È convocato per oggi alle 13,30 nella sede della direzione generale in Piazzetta Turati, il cda di Antonveneta, che dovrà esaminare l’Opas lanciata dalla Popolare di Lodi (ora Popolare Italiana), sull’intero capitale dell’istituto di credito padovano. Il board, presieduto da Tommaso Cartone, dovrà definire «amichevole» o no l’offerta lanciata dalla banca guidata da Giampiero Fiorani, dopo l’esame compiuto degli advisors. Un’offerta che dovrà così confrontarsi direttamente con quella lanciata da Abn Amro, e che dovrebbe concludersi il prossimo 22 luglio.

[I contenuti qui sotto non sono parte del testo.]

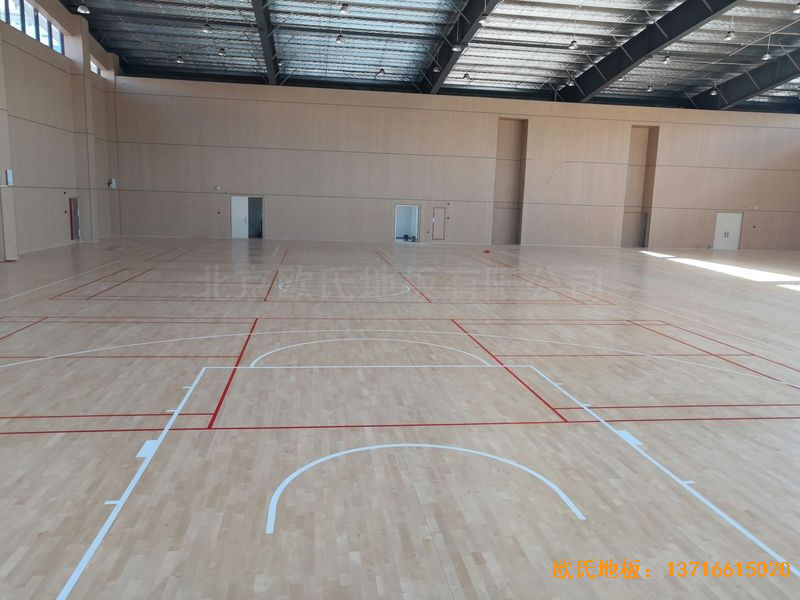 �V����혴���FӢ�ЌW(xu��)�w��ľ�ذ尲�b����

Nel frattempo Antonveneta ha aumentato il capitale sociale: in seguito alla conversione di 1.299 obbligazioni, sono state emesse il 1° luglio 162.761 azioni ordinarie da nominali 3 euro. Ieri i pm Eugenio Fusco e Giulia Perrotti hanno sentito per circa due ore in procura a Milano Nicola Stabile, ispettore capo di vigilanza di Banca Italia, nell’ambito dell’inchiesta aperta dalla procura di Milano sulla scalata di Antonveneta. Nel registro degli indagati sono iscritti, tra gli altri, l’immobiliarista Stefano Ricucci, l’ad di Banca Popolare Italiana (ex Bpl) Gianpiero Fiorani ed Emilio Gnutti. Il fascicolo è stato aperto per i reati di aggiotaggio, insider trading e ostacolo all’organo di vigilanza. Infine si è appreso che fino a ieri Abn Amro aveva acquistato poco meno di 1,3 milioni di azioni sui 228 milioni di Antonveneta nell’ambito dell’Opa che si chiude il 22 luglio.